(Dataset excerpt):

^^^^^^^^

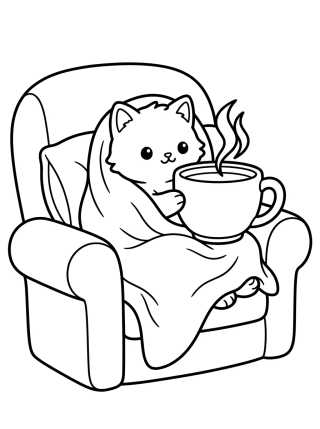 Gatinho Tomando Chá na Poltrona para colorir Desenho de Gatinho Tomando Chá na Poltrona para colorir e imprimir grátis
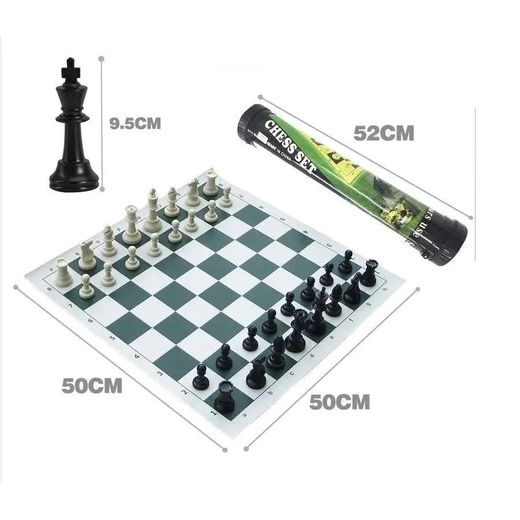 Generic Portable Chess Set With Big Plastic Pieces And Roll Up Mat For Family And School Games - image 3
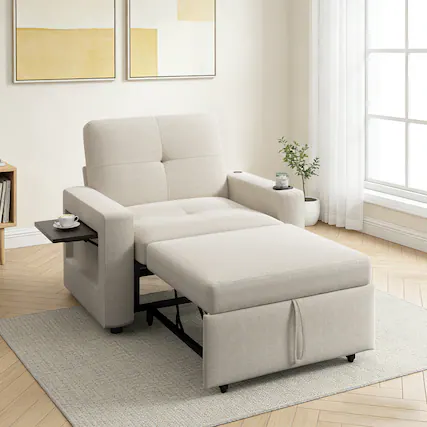 Front. Vipbear - Vipbear Sleeper Sofa Chair Bed Convertible Sofa Chair 3-in-1 Pull Out with USB Ports Sofa Bed,Beige - Beige.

^^^^^^^^

(Requirement): Pictures stay out of the answer; the rest of the listing above is returned exactly.

(Solved problem):
 Gatinho Tomando Chá na Poltrona para colorir Desenho de Gatinho Tomando Chá na Poltrona para colorir e imprimir grátis
 Generic Portable Chess Set With Big Plastic Pieces And Roll Up Mat For Family And School Games - image 3
 Front. Vipbear - Vipbear Sleeper Sofa Chair Bed Convertible Sofa Chair 3-in-1 Pull Out with USB Ports Sofa Bed,Beige - Beige.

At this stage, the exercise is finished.